Friday Afternoon Studio Panic Theater: 'Borat' Showing Tragically Low Awareness In Highly Scientific Internet Poll Of Midwesterners


Somewhere deep within Fox's distribution department, the following conversation is taking place:

Assistant: "Boss, you gotta see the latest tracking data. 57 percent of people in Chicago don't even know what a Borat is."

Boss: "Holy shit. Chicago? That's, like, civilization. What are they saying in Omaha?"

Assistant: "I don't know. I haven't checked their radio station websites."

Boss: "Don't. [beat] Shit. OK. Think, think. We've already cut the movie back to 800 theaters. Is it too late to bring that down to 5 screens, and only in NY and LA? Get some word of mouth going?"

Assistant: "I'm afraid so. It's Friday afternoon. The prints are out. "
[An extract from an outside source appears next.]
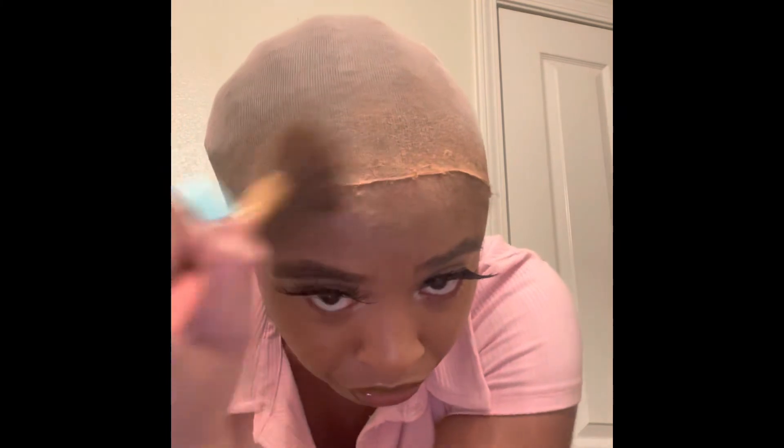Now I'm putting makeup on my cap. I'm using Fenty Beauty pressed powder by Rihanna and I'm covering the front of my cap and the sides. You don't have to overdo it with the makeup — it's just there to make sure that when you lay the lace, you have an even skin tone match between your lace and your skin.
Boss: [dousing office with gasoline] "I'd suggest you take your cyanide capsule now. Things are about to get a little hairy."

Assistant: "I'm scared, boss."

Boss: "Don't be. We've done everything we could. I just hope Sacha will one day forgive us. He deserves better."

Assistant: [biting capsule] "I love you, boss."

Boss: [striking match] "Ditto, kid. See you on the other side."